Despite widespread protests from Indonesia's tourism industry, the Government has forged ahead with its plans to revoke the visa-free facility enjoyed by the citizens of 48 countries visiting Indonesia.
In a Presidential decision No. 18 of 2003 dated 31 March 2003 - and only made public on Monday, April 7, 2003, President Megawati Soekarnoputri declared:
• The Visa free facility on arrival has been revoked for reasons of "reciprocity and national security."
• Countries excepted from the new regulation include Thailand, Malaysia, Singapore, Brunei Darussalam, Philippines, Hong Kong (SAR), Macao (SAR), Chile, Morocco, Turkey and Peru.
• Nationals of other countries (assumed to be limited to those listed in the former 48 formerly granted visa-free visits and not listed in the exempted nations) will be granted a visa of 30 days at the Indonesian arrival gateway following the payment of a fee. While the Presidential decision does not specify the amount of the visa fee, a figure of US$ 50 has been widely discussed.
• The 30 day visa issued at the Countries gateways will be non-extendable and not eligible for mutation into another form of visa.

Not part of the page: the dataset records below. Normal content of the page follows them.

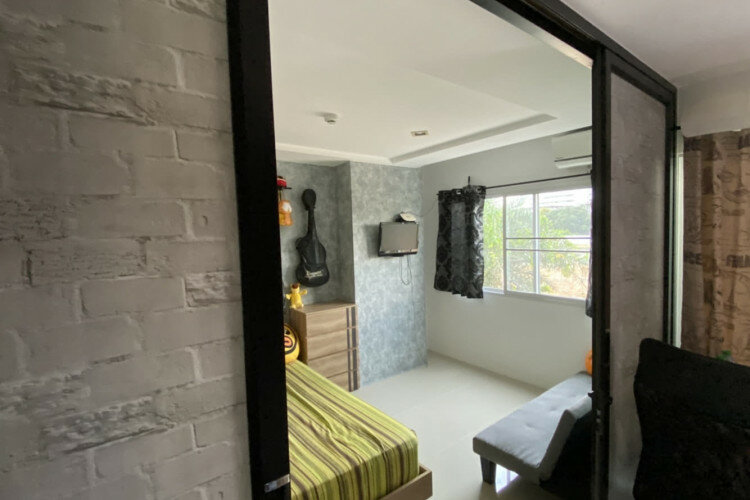 Кондоминиум с 1 спальней в Паттайе, Таиланд | THE330494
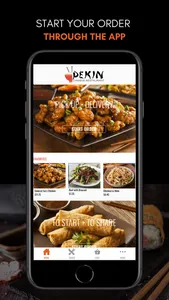 Pekin Restaurant screenshot 0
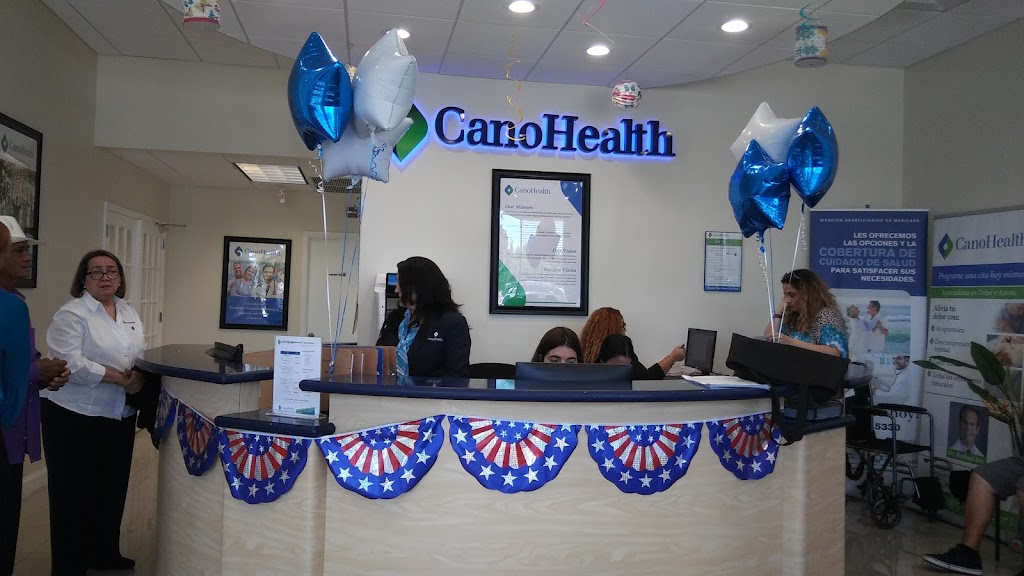 Cano Health - Kendall West | 12600 SW 120th St #101, Miami, FL 33186, USA | Phone: (855) 552-5355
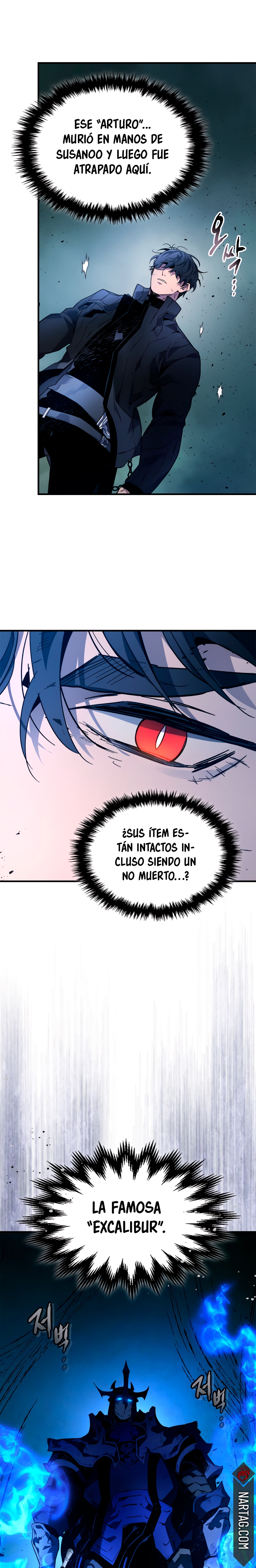 Read Subiendo de nivel junto a los Dioses Manga Online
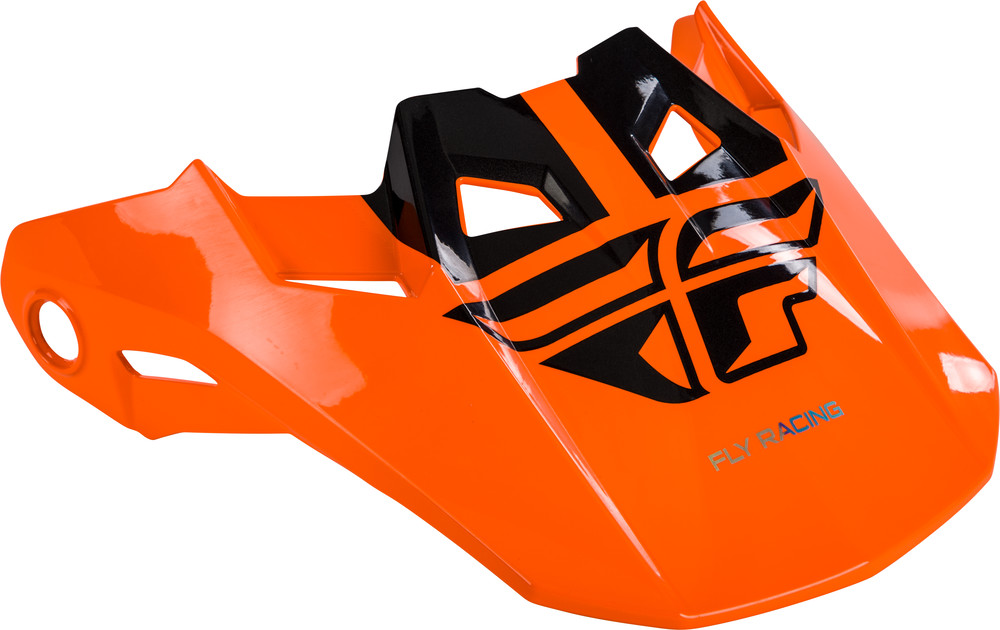FORMULA COLD WEATHER VISOR ORANGE XL-2X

• Visitors wishing to stay for more than 30 days will be required to apply beforehand for visas at the Indonesian Embassy in their country of residence.
• Those visitors who are visiting Indonesia under the terms of a contract signed between an Indonesian tour operator and a foreign tour operator will be allowed an additional 6 months before the new visa policy is applied.
Confusion Likely to Prevail
The new visa policy is likely to raise a number of questions and confuse the traveling public.
That the President's decision has immediate effect may result in uneven administration and payment practices at local airports. How will people be treated who refuse to pay the additional visa? Will official receipts be issued? How will the authorities determine those travelers exempted from paying due to existing contracts with Indonesian tour operators?
What currencies will be accepted and at what rates of exchange?
Visitors arriving in the days just prior to the announcement were apparently not charged the visa fee. So, when, exactly, will the charge be imposed?
Dark Days Ahead
Despite widespread protests from the tourism industry and surveys showing that a drop of as little as 3% in visitor arrivals would completely nullify any foreign exchange advantage resulting from a visa fee when compared with lost foreign exchange generated by foreign tourist, the Government has pushed ahead with its plans to impose the new visa policy and fee system.
Cry, the Beloved Country
A tourism industry already reeling from the ill-effects of the war on Iraq, travel advisories prejudicial to Indonesian tourism, a teetering world economy and a SARS crisis - is likely to see the latest decision as a potential "death blow" to a market sector being lobbied continuously by the Government to avoid layoffs at all costs.